Data to examine below:
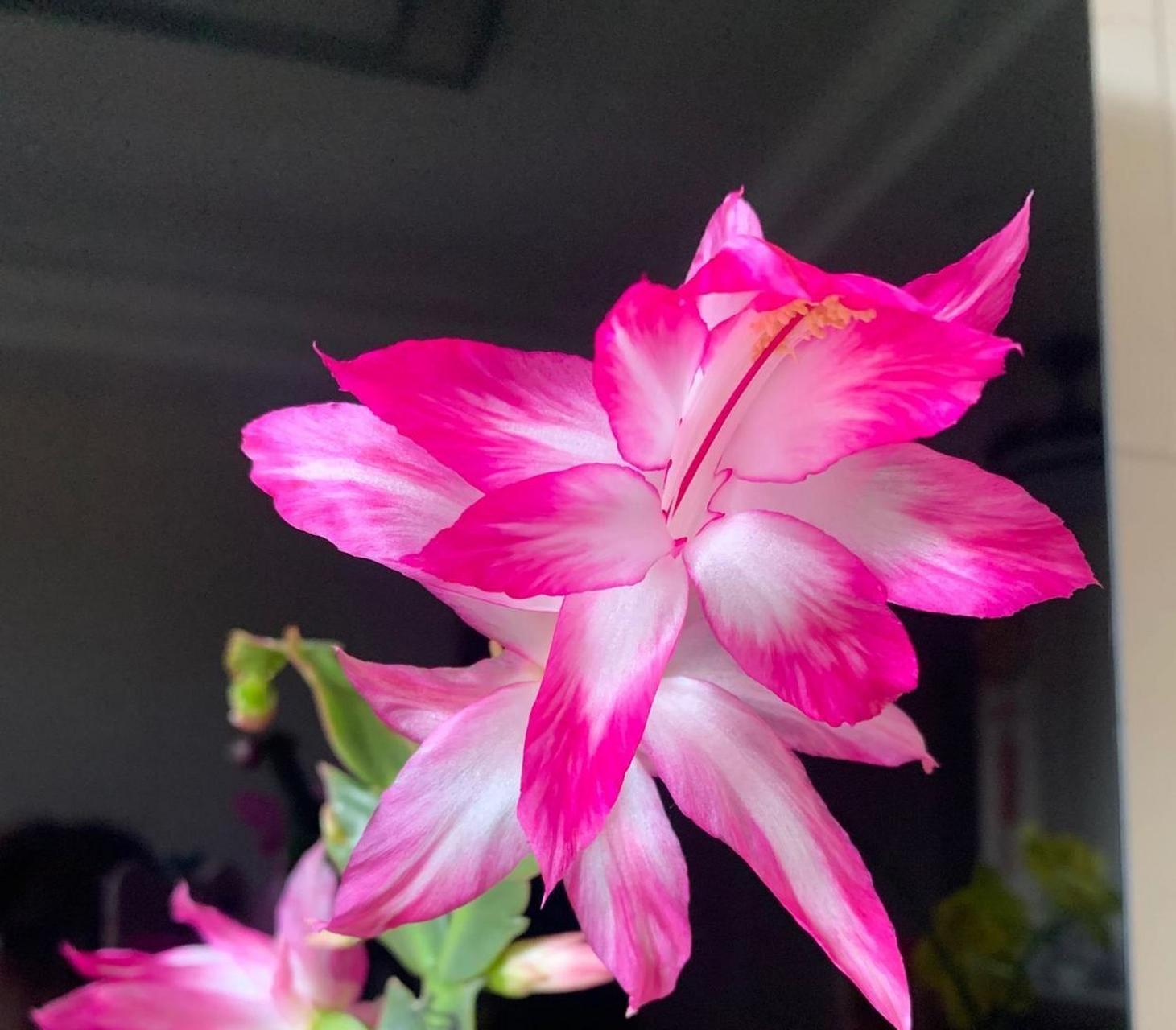 蟹爪兰界的"贵族"——皇冠(也叫王族),进口品种,花大色美,天生丽质.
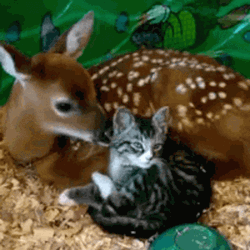 Deer Licking Cat GIF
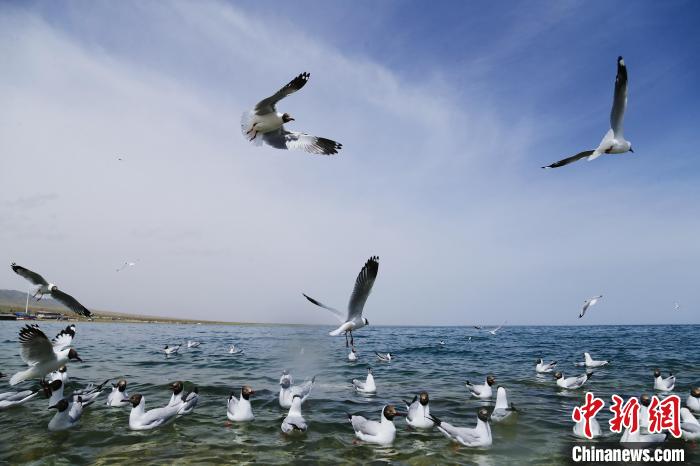 圖為水鳥在青海湖飛翔。　馬銘言 攝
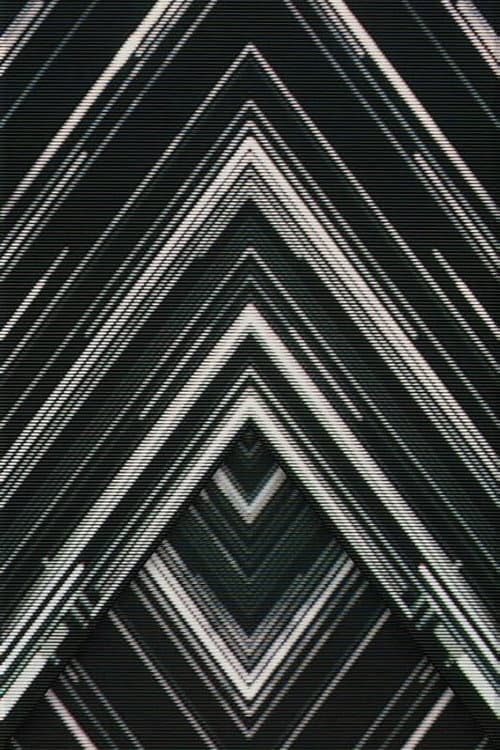 SAKANAQUARIUM 2015-2016 "NF Records launch tour" -LIVE at NIPPON BUDOKAN 2015.10.27-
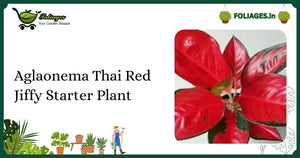 Aglaonema Thai Red Jiffy Starter Plant Care in Indian Homes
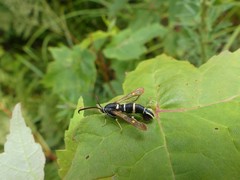 Synanthedon sigmoidea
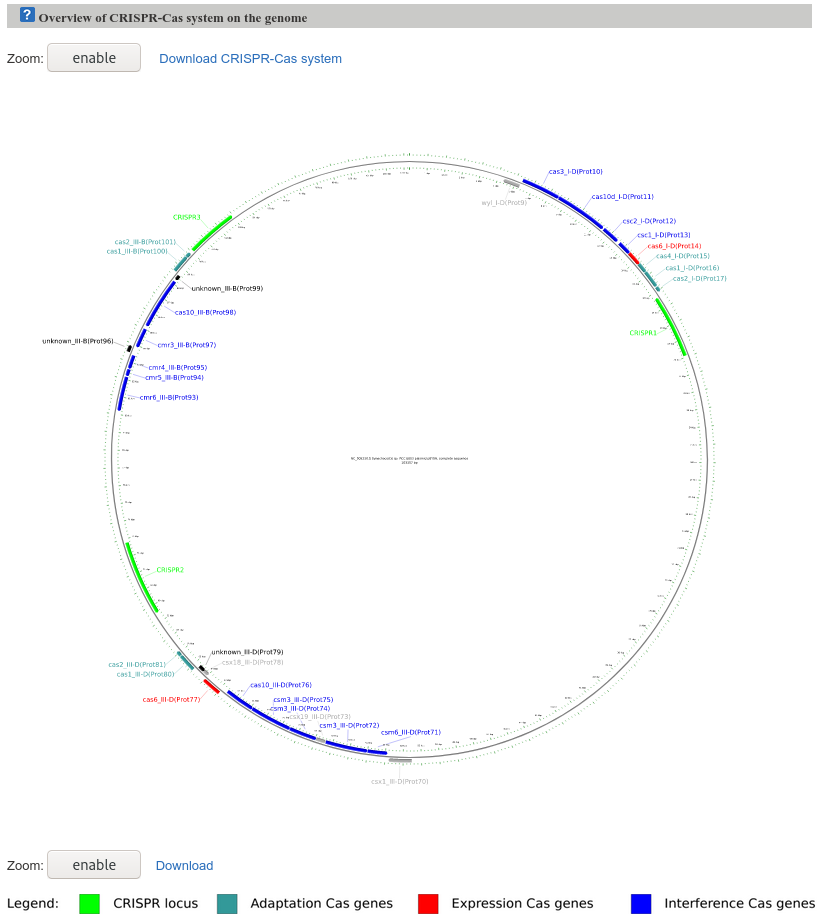 Circular map of CRISPRloci webserver output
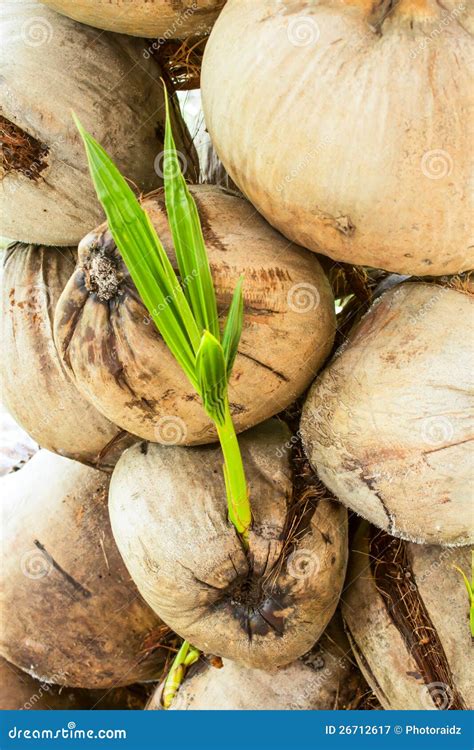 Many Coconuts Stock Image Image Of Thailand Coconuts 26712617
End of Data to examine.
Prompt:
Beginning with the line that contains "Aglaonema Thai Red" and ending with the last line of the data above, output those lines exactly and nothing more, without any pictures.

Result:
 Aglaonema Thai Red Jiffy Starter Plant Care in Indian Homes
 Synanthedon sigmoidea
 Circular map of CRISPRloci webserver output
 Many Coconuts Stock Image Image Of Thailand Coconuts 26712617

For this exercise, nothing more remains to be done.